An Israel Defense Forces soldier was confined to an army base for a weekend as punishment for putting dairy and meat products in the same refrigerator.
According to Channel 12 news, he put cheese and cold cuts on the same shelf in a refrigerator on his base.
Under Jewish dietary laws, which the IDF adheres to, it is forbidden to mix meat and dairy together.
In a statement on the confinement of the soldier, a member of the Armored Corps, the IDF said he violated the rules of the base, even though he had been aware of the commands.
A Yisrael Beytenu lawmaker on Saturday condemned the army’s punishment of the soldier, warning it could portend further religious strictures on troops.
“Today they forbid putting milk and meat together in the same fridge.

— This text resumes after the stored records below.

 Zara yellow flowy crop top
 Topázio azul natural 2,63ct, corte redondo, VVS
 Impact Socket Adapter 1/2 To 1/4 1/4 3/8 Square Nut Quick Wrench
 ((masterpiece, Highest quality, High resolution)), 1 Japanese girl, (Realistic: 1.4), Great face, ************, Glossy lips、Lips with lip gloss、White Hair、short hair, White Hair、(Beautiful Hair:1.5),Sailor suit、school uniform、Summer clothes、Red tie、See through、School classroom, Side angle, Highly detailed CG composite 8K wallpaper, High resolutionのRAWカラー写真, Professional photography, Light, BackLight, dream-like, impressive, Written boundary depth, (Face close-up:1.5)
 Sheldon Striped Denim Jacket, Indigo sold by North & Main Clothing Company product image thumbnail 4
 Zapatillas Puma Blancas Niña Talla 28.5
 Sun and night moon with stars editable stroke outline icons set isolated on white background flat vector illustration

Tomorrow they’ll forbid girls from enlisting in the army. In two days we’ll become the army for the defense of Jewish law,” MK Evgeny Sova wrote on Facebook.

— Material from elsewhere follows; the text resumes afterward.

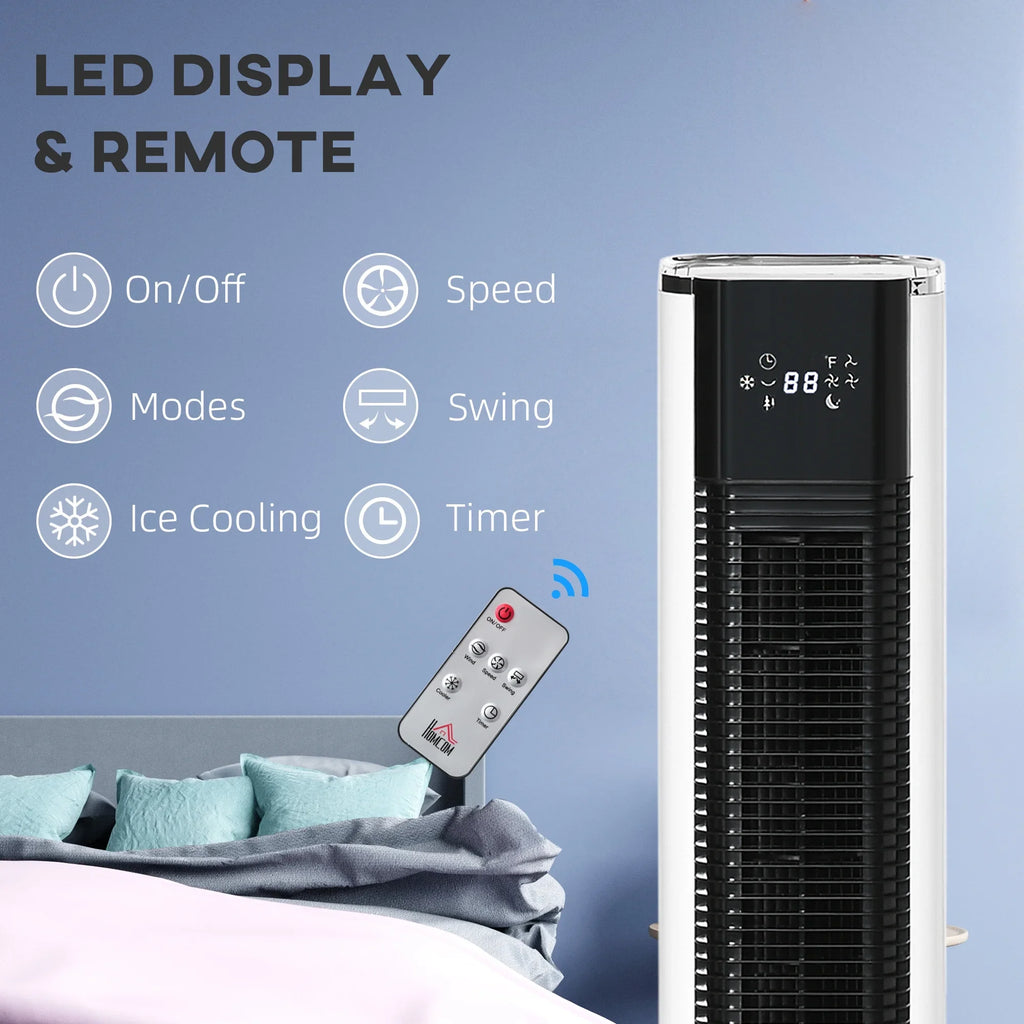 HOMCOM 42" Portable Evaporative Air Cooler, 3-In-1 Ice Cooling Fan Humidifier with Remote, Timer, Oscillating, LED Display, and 1.6 Gal Water Tank, White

“We should stop this quickly,” he added.
Sova, a former Russian-language journalist, said he reached out to the army chief of staff’s office over the incident but has yet to receive a response.
The military’s latest incarceration figures were released last week, showing some 10,000 Israeli soldiers, or approximately one in every 15 servicemembers, spent time in a military prison in the past year.
Chief Military Defense Counsel Ran Cohen, whose unit represents soldiers on trial, said the practice of leaving judgment and punishment up to the discretion of commanders for low-level crimes gives far too much power to these officers, who use prison “as a default choice, rather than a last resort,” and called for a rethinking of the process.
Yisrael Beytenu, a right-wing secular party which receives much of its support from Russian-speaking immigrants, has made issues of religion and state a central plank of its campaign for Knesset elections on September 17.
The elections were called after Prime Minister Benjamin Netanyahu was unable to form a government after national elections in April, a failure he pinned on Yisrael Beytenu and its leader Avigdor Liberman as without the party’s five seats the premier was left one seat shy of a ruling majority.
While Liberman cited a litany of issues for his refusal to join Netanyahu’s proposed government, the main point of contention was his call for the passage of a Defense Ministry-drafted bill regulating exemptions to military service for Haredi seminary students.
Ultra-Orthodox parties, who have made up a key part of Netanyahu’s governing coalitions, rejected Liberman’s demand the bill be passed without changes.
Also Saturday, Yisrael Beytenu MK Eli Avidar decried what he said was a lack of an effective opposition to Netanyahu in the Knesset.
“There is no opposition in the Knesset. Netanyahu has no opposition in Likud, my friends there don’t open their mouths. He has no opposition on the right, in the national religious parties or [opposition] Blue and White,” Avidar said at an event in the Tel Aviv suburb of Holon.
“[Blue and White] got 35 seats, entered the Knesset and climbed into [their] sleeping bags,” he added.
Avidar said because of this lack of pushback, “Netanyahu can promise the ultra-Orthodox heaven and earth.”
“If the public knew what he promised the ultra-Orthodox parties, it would be in shock,” the Yisrael Beytenu lawmaker said.
Avidar did not say what these promises were, but earlier this month Channel 13 news reported Netanyahu agreed to an ultra-Orthodox demand to allow gender segregation in public spaces.
Netanyahu’s Likud party said in response to the report that the issue had not been finalized and the premier had sought to soften the demands of the ultra-Orthodox and national religious factions pertaining to matters of religion and state during the coalition talks.